Does the description disclose side effects, auth requirements, rate limits, or destructive behavior?

With no annotations provided, the description carries full burden and does well by disclosing: the API source (Aster Finance), output format (Markdown table), error conditions (API failures or processing errors), and default behavior (limit defaults to 100). It doesn't mention authentication requirements, rate limits, or whether this is a real-time or cached data source.

Agents need to know what a tool does to the world before calling it. Descriptions should go beyond structured annotations to explain consequences.

Conciseness5/5

Is the description appropriately sized, front-loaded, and free of redundancy?

The description is efficiently structured with a clear purpose statement followed by well-organized sections for Parameters, Returns, and Raises. Every sentence adds value with no redundancy or unnecessary information.

Shorter descriptions cost fewer tokens and are easier for agents to parse. Every sentence should earn its place.

Completeness4/5

Given the tool's complexity, does the description cover enough for an agent to succeed on first attempt?

For a 2-parameter tool with no annotations and no output schema, the description provides good coverage of what the tool does, parameters, return format, and error conditions. It could be more complete by mentioning authentication requirements, rate limits, or data freshness, but covers the essential aspects well given the context.

Complex tools with many parameters or behaviors need more documentation. Simple tools need less. This dimension scales expectations accordingly.

Parameters5/5

Does the description clarify parameter syntax, constraints, interactions, or defaults beyond what the schema provides?

With 0% schema description coverage, the description fully compensates by providing detailed parameter information: symbol meaning (trading pair with examples), limit options (specific enumerated values 5-5000), default behavior (100 if None), and case-insensitivity for symbol. This adds significant value beyond the bare schema.

Input schemas describe structure but not intent. Descriptions should explain non-obvious parameter relationships and valid value ranges.

Purpose5/5

Does the description clearly state what the tool does and how it differs from similar tools?

The description clearly states the specific action ('Fetch order book data'), resource ('from Aster Finance API'), and output format ('return as Markdown table text'). It distinguishes this tool from sibling tools like get_latest_price or get_recent_trades by focusing on order book depth data rather than price quotes or trade history.

Agents choose between tools based on descriptions. A clear purpose with a specific verb and resource helps agents select the right tool.

Usage Guidelines3/5

Does the description explain when to use this tool, when not to, or what alternatives exist?

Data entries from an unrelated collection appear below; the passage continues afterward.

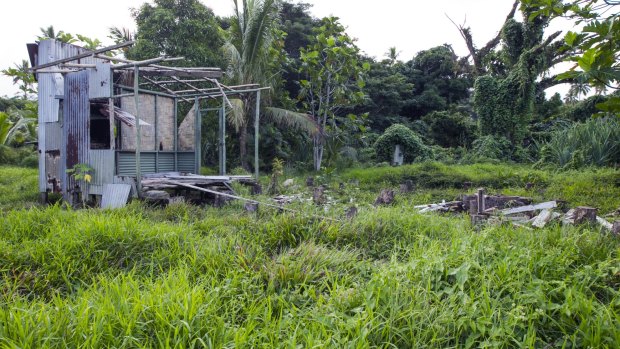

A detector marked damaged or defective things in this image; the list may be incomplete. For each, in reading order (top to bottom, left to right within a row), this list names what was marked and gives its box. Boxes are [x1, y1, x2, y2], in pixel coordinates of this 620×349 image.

rusted metal sheet [88, 61, 110, 98]
rusty corrugated panel [88, 61, 110, 98]
rusty corrugated panel [63, 70, 91, 198]
rusted metal sheet [63, 70, 91, 198]
rusted metal sheet [89, 149, 114, 185]
rusty corrugated panel [89, 150, 114, 186]
rusted metal sheet [101, 184, 131, 208]
rusty corrugated panel [101, 184, 131, 208]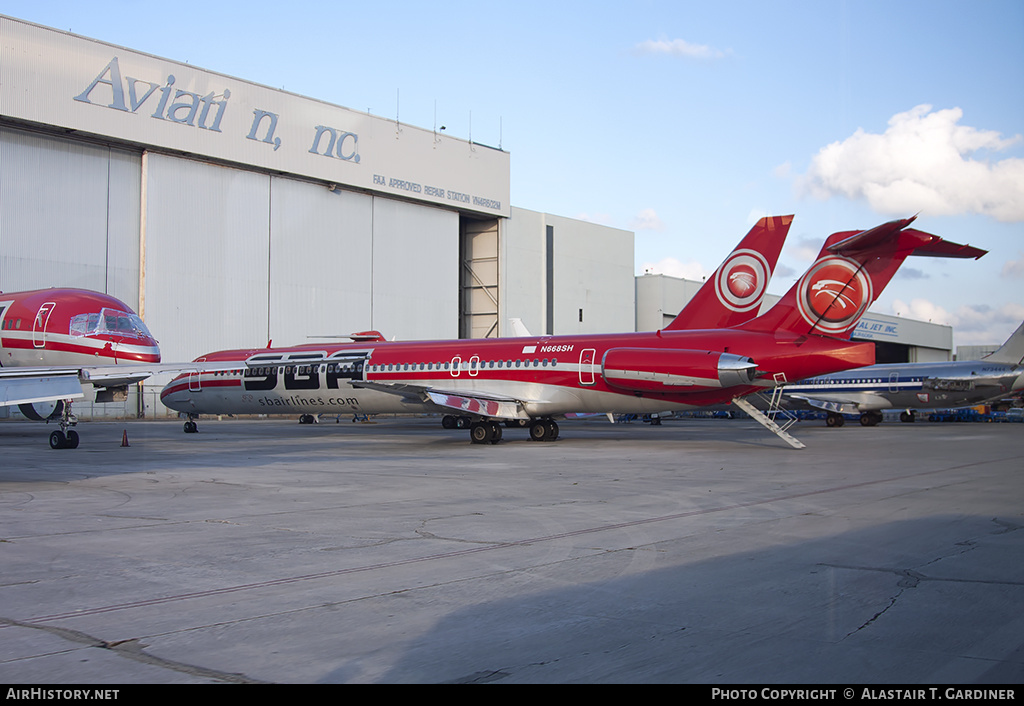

The description implies usage for obtaining order book data but doesn't explicitly state when to use this tool versus alternatives like get_order_book_ticker (which might provide summary data) or get_latest_price (for single price points). No guidance is given about prerequisites, rate limits, or specific use cases.

Agents often have multiple tools that could apply. Explicit usage guidance like "use X instead of Y when Z" prevents misuse.